I’d be interested in your thoughts on how we can do this: > However, perhaps more [emphasis] should be placed on building just-as-powerful AI systems that are restricted to short time horizons.
I can share some of my thoughts first, and would be keen to hear (both/either of) yours.
It’s worth saying up front that I also think this is a very productive direction, and that your post lays out a good case for why.
Here’s one salient baseline strategy, and a corresponding failure mode: At each point in time t, where is some time horizon h where AIs can pursue goals over horizon h. At each point in time, (social-impact-minded) AI companies aim to build “short-term goal” systems, which operate at horizon h, but not longer.
Note that this seems very natural, and also exactly matches what one might expect a purely profit- or prestige-driven company to do.
However, if h turns out to steadily increase over time (as in the straight-line extrapolation referenced below), then this leaves us in a difficult position.
Furthermore, this seems to leave us at the mercy of unknown empirical questions about deep learning. It doesn’t seem we have improved our chances relative to the baseline of “do the easiest thing at each point in time”.
So from a “differential progress” perspective, a more helpful research strategy seems to be: fix a task with some horizon h_1, then try to solve this task using only systems optimized over horizon h_2 < h_1.

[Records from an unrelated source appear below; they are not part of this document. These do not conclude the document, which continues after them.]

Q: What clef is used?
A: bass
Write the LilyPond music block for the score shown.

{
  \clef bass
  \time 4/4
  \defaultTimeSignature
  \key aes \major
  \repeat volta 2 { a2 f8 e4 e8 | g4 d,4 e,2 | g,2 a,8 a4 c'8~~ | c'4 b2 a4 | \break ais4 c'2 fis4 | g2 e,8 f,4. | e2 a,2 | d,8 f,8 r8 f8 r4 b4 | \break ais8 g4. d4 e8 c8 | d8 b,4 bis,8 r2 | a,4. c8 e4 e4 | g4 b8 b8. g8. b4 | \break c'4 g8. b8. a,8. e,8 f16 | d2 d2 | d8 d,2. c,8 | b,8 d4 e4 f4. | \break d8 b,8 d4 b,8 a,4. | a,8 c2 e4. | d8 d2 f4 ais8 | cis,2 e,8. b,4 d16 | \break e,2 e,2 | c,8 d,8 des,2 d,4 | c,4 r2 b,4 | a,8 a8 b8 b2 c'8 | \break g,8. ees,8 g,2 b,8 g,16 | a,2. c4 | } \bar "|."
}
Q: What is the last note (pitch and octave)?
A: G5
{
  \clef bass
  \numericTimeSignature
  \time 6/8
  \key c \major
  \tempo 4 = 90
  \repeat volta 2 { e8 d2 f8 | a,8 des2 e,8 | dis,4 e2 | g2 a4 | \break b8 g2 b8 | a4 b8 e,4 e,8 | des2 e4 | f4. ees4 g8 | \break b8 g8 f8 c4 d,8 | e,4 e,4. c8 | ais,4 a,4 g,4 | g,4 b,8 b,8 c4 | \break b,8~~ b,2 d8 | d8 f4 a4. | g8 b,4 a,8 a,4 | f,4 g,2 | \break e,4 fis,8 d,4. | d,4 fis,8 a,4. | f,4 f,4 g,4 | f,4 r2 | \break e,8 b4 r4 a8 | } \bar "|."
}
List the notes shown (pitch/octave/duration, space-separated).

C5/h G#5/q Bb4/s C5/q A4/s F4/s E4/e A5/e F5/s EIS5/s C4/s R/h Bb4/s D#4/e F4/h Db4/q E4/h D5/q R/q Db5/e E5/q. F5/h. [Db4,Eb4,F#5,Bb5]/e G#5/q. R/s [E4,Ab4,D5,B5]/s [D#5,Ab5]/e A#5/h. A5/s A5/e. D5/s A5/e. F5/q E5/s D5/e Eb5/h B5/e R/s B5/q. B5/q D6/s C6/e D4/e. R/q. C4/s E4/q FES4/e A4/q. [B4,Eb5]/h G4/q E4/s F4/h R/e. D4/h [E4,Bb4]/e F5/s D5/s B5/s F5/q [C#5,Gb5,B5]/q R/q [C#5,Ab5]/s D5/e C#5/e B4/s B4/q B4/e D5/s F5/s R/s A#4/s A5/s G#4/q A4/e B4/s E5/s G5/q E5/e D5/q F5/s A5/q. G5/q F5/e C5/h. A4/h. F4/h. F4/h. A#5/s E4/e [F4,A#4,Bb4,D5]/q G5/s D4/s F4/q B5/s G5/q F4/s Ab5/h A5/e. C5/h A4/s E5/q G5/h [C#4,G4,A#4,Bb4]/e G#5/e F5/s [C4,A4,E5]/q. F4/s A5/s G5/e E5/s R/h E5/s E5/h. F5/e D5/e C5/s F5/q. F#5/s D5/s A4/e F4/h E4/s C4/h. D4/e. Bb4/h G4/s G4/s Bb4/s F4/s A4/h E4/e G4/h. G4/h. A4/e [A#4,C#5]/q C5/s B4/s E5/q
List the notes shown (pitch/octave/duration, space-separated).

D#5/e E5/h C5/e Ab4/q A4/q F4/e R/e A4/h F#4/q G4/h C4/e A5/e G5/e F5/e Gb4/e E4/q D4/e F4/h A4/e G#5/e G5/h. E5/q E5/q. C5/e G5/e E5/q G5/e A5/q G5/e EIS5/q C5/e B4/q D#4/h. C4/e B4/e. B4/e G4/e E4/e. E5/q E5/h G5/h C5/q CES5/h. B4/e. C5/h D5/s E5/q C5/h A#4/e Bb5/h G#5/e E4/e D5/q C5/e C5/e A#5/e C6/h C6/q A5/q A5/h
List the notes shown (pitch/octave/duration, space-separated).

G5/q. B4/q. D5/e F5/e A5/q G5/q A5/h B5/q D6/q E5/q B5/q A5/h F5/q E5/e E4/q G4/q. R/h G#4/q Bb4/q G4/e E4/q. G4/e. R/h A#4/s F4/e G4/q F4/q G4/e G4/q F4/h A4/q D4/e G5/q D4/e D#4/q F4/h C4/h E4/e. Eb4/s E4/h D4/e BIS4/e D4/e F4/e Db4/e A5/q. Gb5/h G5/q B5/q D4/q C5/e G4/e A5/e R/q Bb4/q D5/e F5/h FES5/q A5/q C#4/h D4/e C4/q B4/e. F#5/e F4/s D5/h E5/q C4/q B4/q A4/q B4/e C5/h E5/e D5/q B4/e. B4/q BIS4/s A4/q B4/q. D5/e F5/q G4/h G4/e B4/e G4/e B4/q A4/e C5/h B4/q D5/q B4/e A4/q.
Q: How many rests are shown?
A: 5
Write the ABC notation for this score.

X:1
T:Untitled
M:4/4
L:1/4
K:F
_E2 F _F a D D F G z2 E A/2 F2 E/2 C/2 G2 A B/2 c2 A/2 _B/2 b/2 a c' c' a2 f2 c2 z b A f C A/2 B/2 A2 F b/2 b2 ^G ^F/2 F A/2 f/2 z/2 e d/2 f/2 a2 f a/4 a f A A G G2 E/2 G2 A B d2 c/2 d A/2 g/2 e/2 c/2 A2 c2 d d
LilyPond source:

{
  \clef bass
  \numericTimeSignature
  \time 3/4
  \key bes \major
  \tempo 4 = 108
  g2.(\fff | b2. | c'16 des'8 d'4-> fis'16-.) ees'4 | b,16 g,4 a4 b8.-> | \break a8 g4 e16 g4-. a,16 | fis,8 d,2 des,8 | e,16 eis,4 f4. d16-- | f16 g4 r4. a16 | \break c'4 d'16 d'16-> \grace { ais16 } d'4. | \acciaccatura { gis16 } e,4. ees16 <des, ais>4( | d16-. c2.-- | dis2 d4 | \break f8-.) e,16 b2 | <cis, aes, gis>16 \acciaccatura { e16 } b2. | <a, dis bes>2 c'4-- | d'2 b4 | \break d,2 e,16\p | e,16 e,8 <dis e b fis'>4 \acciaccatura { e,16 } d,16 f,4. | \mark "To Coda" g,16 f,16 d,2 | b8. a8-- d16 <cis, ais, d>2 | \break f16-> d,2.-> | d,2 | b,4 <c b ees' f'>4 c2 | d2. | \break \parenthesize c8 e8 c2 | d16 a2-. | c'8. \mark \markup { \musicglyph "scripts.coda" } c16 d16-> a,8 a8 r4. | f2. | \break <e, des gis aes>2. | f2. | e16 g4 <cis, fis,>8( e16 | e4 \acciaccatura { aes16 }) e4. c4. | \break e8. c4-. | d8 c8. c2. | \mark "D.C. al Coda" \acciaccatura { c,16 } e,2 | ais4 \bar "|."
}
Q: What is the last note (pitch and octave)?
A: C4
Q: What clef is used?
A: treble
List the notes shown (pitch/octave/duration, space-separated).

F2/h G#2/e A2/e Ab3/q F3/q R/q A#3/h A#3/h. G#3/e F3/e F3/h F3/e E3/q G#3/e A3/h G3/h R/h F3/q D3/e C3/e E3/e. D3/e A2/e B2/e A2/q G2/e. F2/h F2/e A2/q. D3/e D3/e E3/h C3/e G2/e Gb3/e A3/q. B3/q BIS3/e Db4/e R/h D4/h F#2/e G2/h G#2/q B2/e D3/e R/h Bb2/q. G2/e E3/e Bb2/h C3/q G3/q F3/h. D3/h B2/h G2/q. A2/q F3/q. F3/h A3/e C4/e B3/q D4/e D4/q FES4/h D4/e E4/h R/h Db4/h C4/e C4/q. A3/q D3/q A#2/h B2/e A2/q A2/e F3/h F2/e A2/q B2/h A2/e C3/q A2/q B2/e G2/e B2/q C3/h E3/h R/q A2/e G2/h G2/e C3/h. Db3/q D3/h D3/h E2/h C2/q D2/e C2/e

This framing also possibly highlights two additional difficulties: (1) technically, end-to-end optimization has been quite effective for many DL tasks and (2) sociologically, the DL community has a tremendous aesthetic preference towards end-to-end approaches (which also translates into approaches and infra which favor end-to-end approaches), which makes it harder to gain widespread adoption for other approaches. Also agreed there are many offsetting factors like interpretability, control, etc. which you mention.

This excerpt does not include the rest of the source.